**To do**: Should an entry contain an image, leave the image out and repeat the entry's text exactly.

*** Records for processing ***

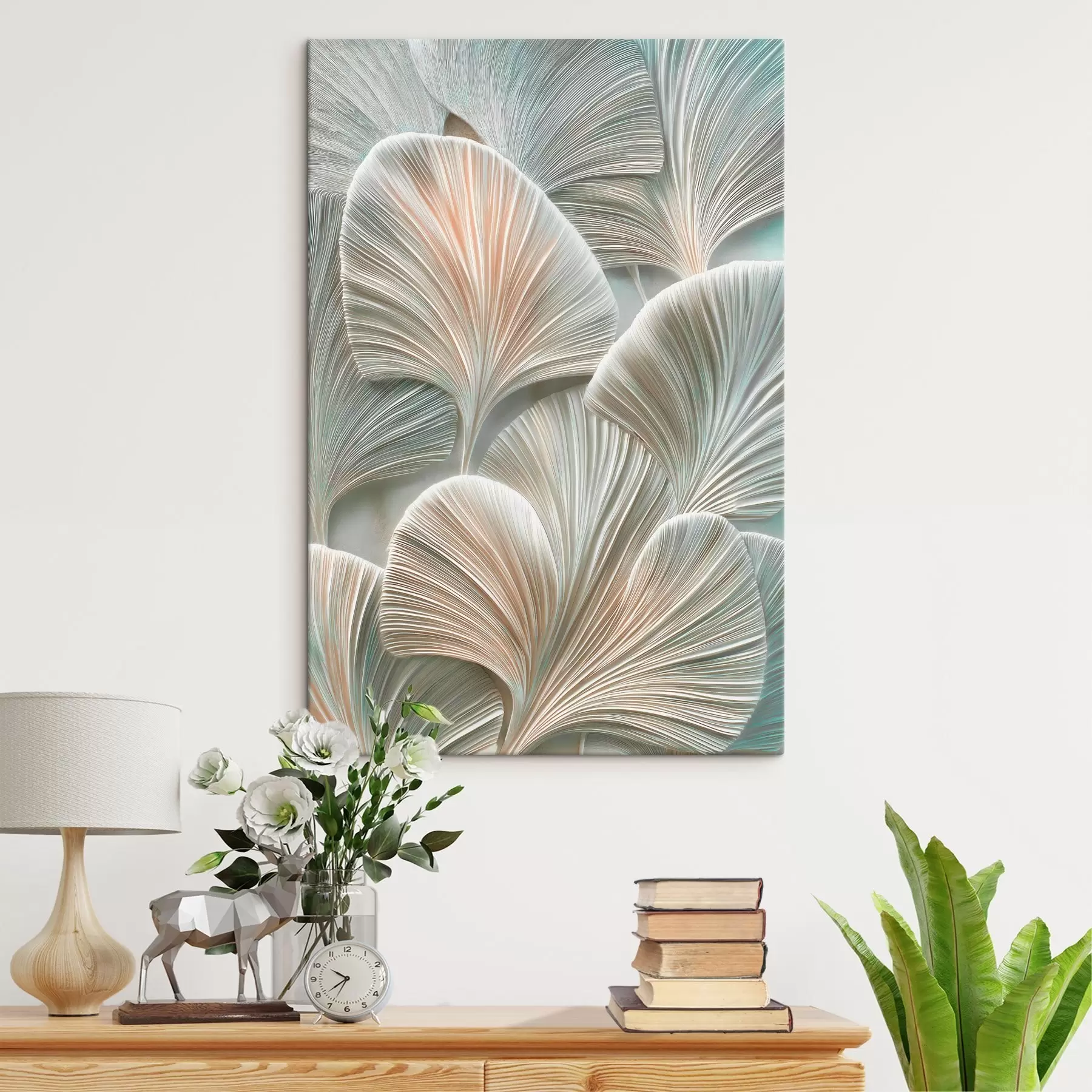 Pilt Kunstiline illustratsioon reljeefsete lehtedega kaasaegses basreljeefistiilis s48210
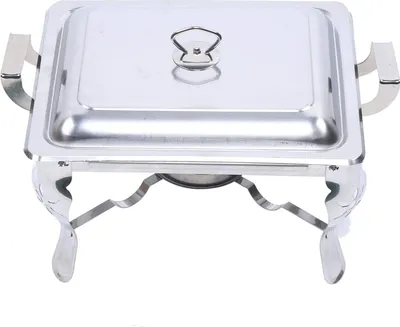 A stainless steel chafing dish on a stand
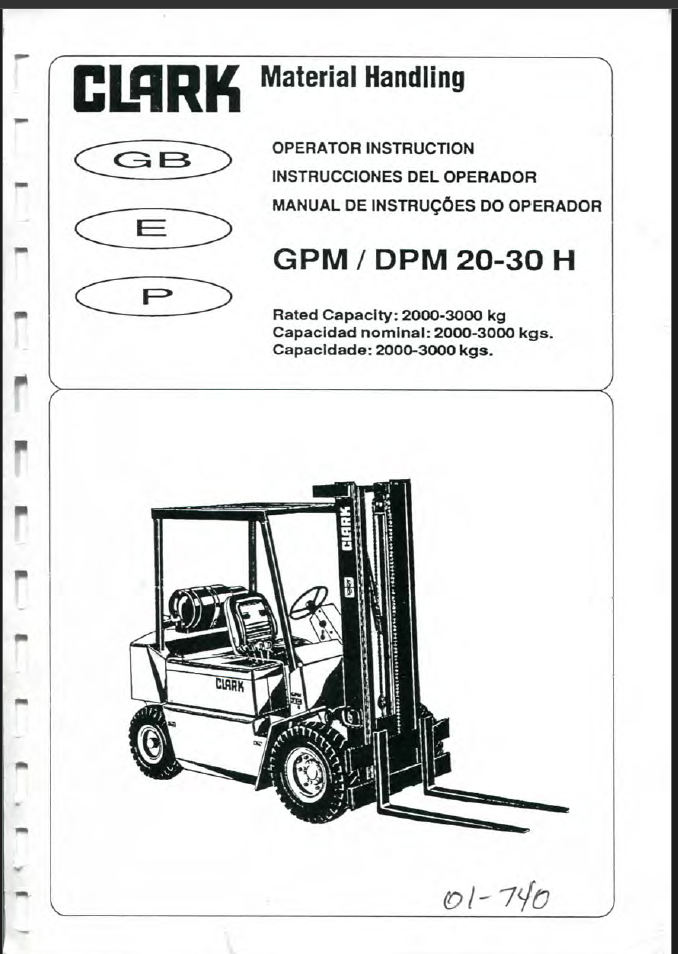 Clark GPM-DPM 20-30H Forklift Operators Manual (OI-740)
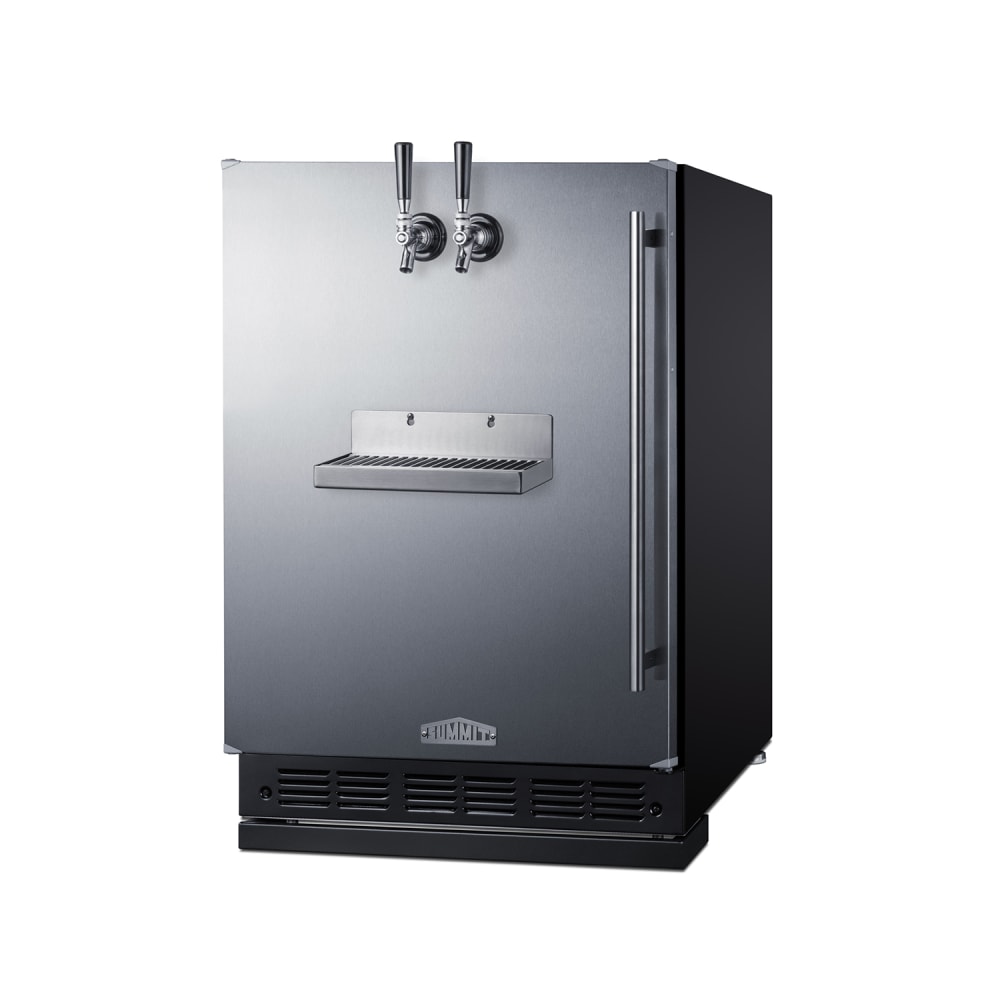 Summit SBC7BRSFRTPLHD 24" Front Tap Kegerator Beer Dispenser w/ (2) Keg Capacity - Stainless, 115v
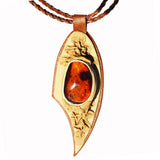 Leather & Red Baltic Amber Necklace - Pendant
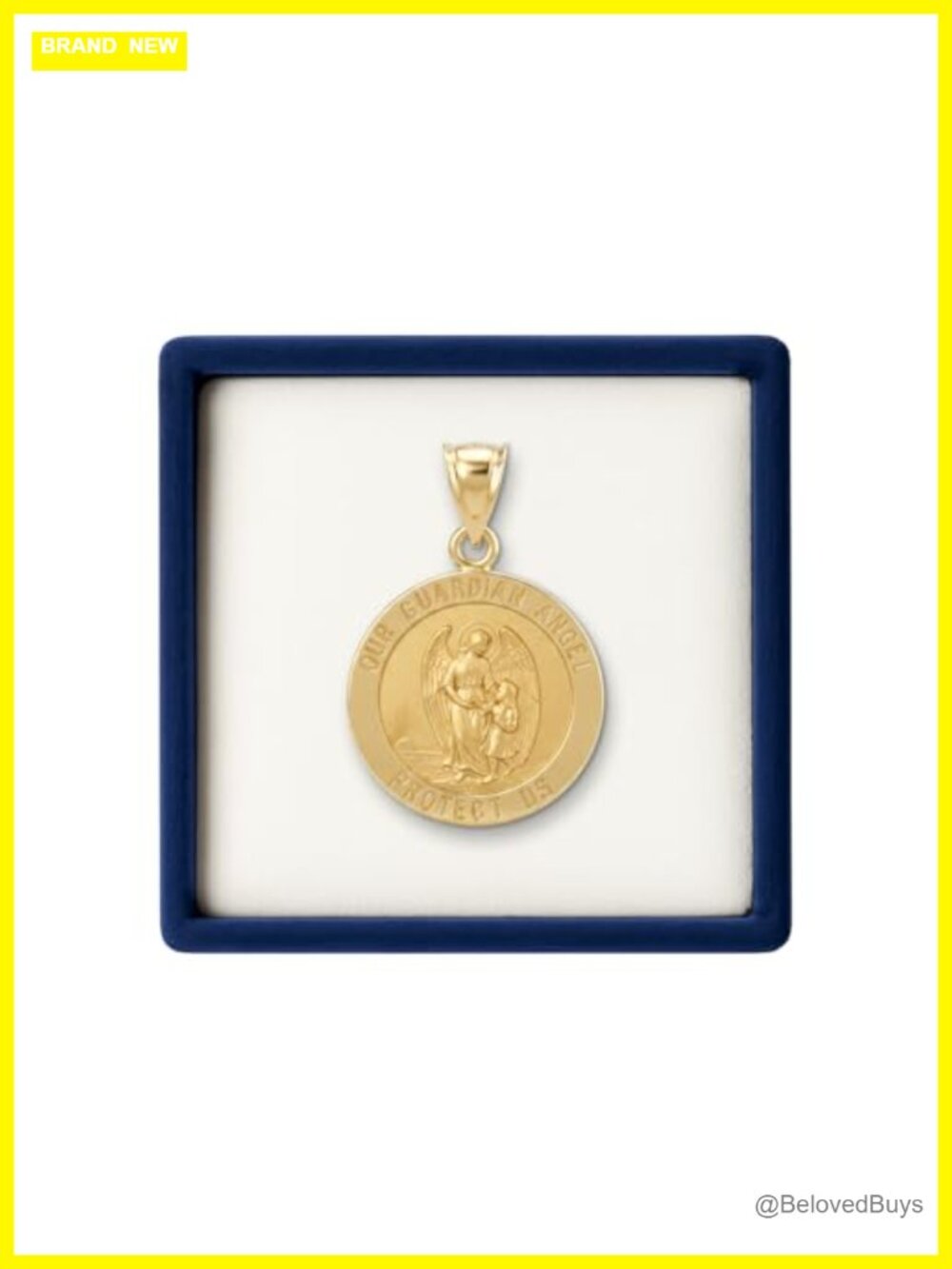 14K Yellow Gold Guardian Angel Pendant Necklace Charm Religious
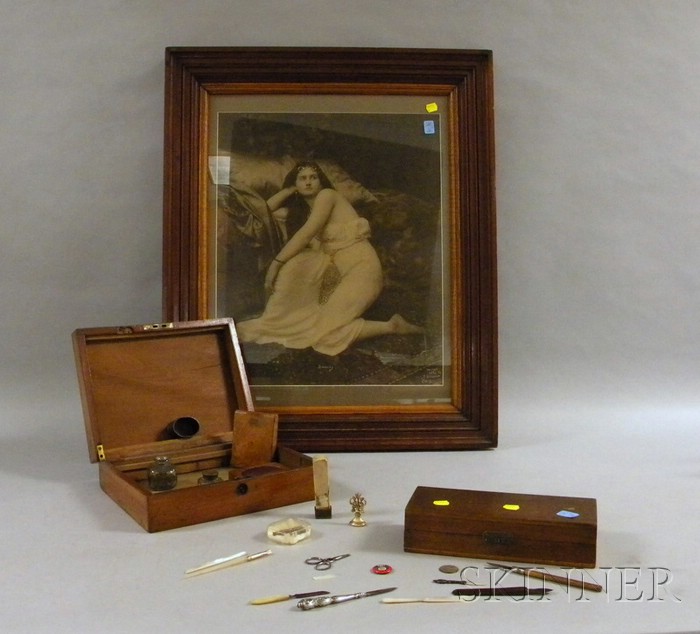 Appraisal: Mahogany Lap Desk Box with Contents and a Walnut Framed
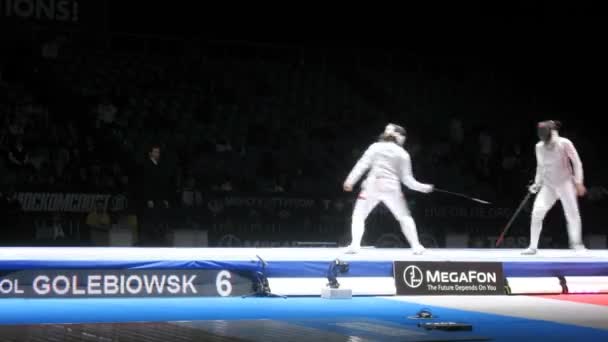 Women participate in competitions on championship in fencing — Stock Video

*** End of Records for processing ***

**Result below**:
 Pilt Kunstiline illustratsioon reljeefsete lehtedega kaasaegses basreljeefistiilis s48210
 A stainless steel chafing dish on a stand
 Clark GPM-DPM 20-30H Forklift Operators Manual (OI-740)
 Summit SBC7BRSFRTPLHD 24" Front Tap Kegerator Beer Dispenser w/ (2) Keg Capacity - Stainless, 115v
 Leather & Red Baltic Amber Necklace - Pendant
 14K Yellow Gold Guardian Angel Pendant Necklace Charm Religious
 Appraisal: Mahogany Lap Desk Box with Contents and a Walnut Framed
 Women participate in competitions on championship in fencing — Stock Video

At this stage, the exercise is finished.